What if the Upside Down had an unstoppable fungus inside it?

by Corey Plante
BONES / Project A.I.C.O.

What if, instead of the Demogorgon, the portal to the Upside Down in Stranger Things unleashed an unstoppable fungus that consumed anything and everything in its path? That’s a good way to describe the terrifying conceit in Netflix’s upcoming anime A.I.C.O. Incarnation, a series that trades the ‘80s in for the near-future.

Familiar anime imagery meets gritty, apocalyptic sci-fi in the series, which is set in a 2037 plagued by an artificial life-form that runs rampant. Called “Matter,” the strange life-form has spread throughout the now-quarantined Kurobe Gorge, where it originally erupted during some kind of science experiment.

The secret to stopping the bizarre new menace lies in the body of 15-year-old Aiko Tachibana, who lost her family in the initial “Burst.” She learns from new friend Yuya Kanzaki that her body is some kind of replica, and her actual body is back on ground zero. To stop the growing outbreak, she’ll have to travel to the source to put an end to the horrific entity before it consumes the world. Weird as heck? Yeah. Totally badass? Definitely.

Check out all of these features in Netflix’s lengthy teaser right here:

A.I.C.O. is billed as an original “bio science fiction.” Unlike many other anime out there, it isn’t adapted from a manga of any kind. It’s an original story that pulls together different elements from a slew of other manga and sci-fi stories.

The quarantine zone is reminiscent of Darker Than Black, as is the inevitable need to infiltrate it in order to solve the world’s problems. Matter itself looks a lot like the organic mulch we see in series like Knights of Sidonia or even Blue Gender.

The futuristic militarized society riffs on Ghost in the Shell with Tachikoma-looking tanks and armored teams of soldiers called “Divers.” These freelance soldiers “dive” into the quarantine zone, outfitted with high-tech weapons, in order to reclaim lost technology.

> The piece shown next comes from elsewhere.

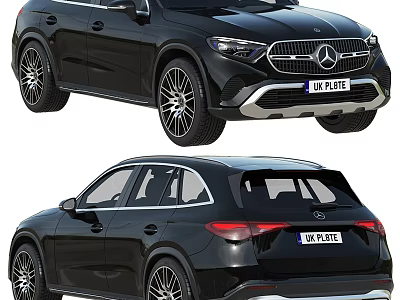 Black Mercedes SUV With Front Grille LED Headlights And Alloy Wheels 3d model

These Divers have battle armor outfitted with … roller skates?

Actually, that looks like a lot of fun. That is, until two of those guys get straight-up consumed by Matter, which is an overwhelming and grotesquely frightening growth that just squelches violently towards anything that moves, smothering the life out of it.

The teaser is mostly an action-packed sequence featuring some Divers fighting the Matter with shockingly little info about Aiko’s story.

Among the large catalogue of anime Netflix has scheduled for the next year, A.I.C.O. Incarnation looks to be one of the most promising. It’s directed by Kazuya Murata, who also did Gargantia on the Verdurous Planet and Fullmetal Alchemist: The Sacred Star of Milos.

In 'Darker Than Black' — also produced by Bones — the quarantine Wall is painted to look like the sky.

Bones

A.I.C.O is produced by Bones, the anime studio behind worthwhile action series like Wolf’s Rain and Darker than Black, but also both widely beloved Fullmetal Alchemist anime adaptations and the more recently popularized My Hero Academia. So this new Netflix series will join quite the pedigree once it’s released.

Masahiko Minami, Hiroshi Ōsaka, and Toshihiro Kawamoto founded Bones studio after working at Sunrise, the studio that created Cowboy Bebop, InuYasha, and several Gundam series — which are among the biggest names out of the many “classic” anime series. The very first Bones project was the feature-length anime film Cowboy Bebop: Knockin’ on Heaven’s Door which continued the franchise phenomenon that’s largely considered the “gateway drug” of anime.

As a completely original production, A.I.C.O Incarnation will give anime fans something they can’t possibly expect. That alone makes it worth checking out.

12 episodes of A.I.C.O Incarnation will debut globally on Netflix sometime in spring 2018.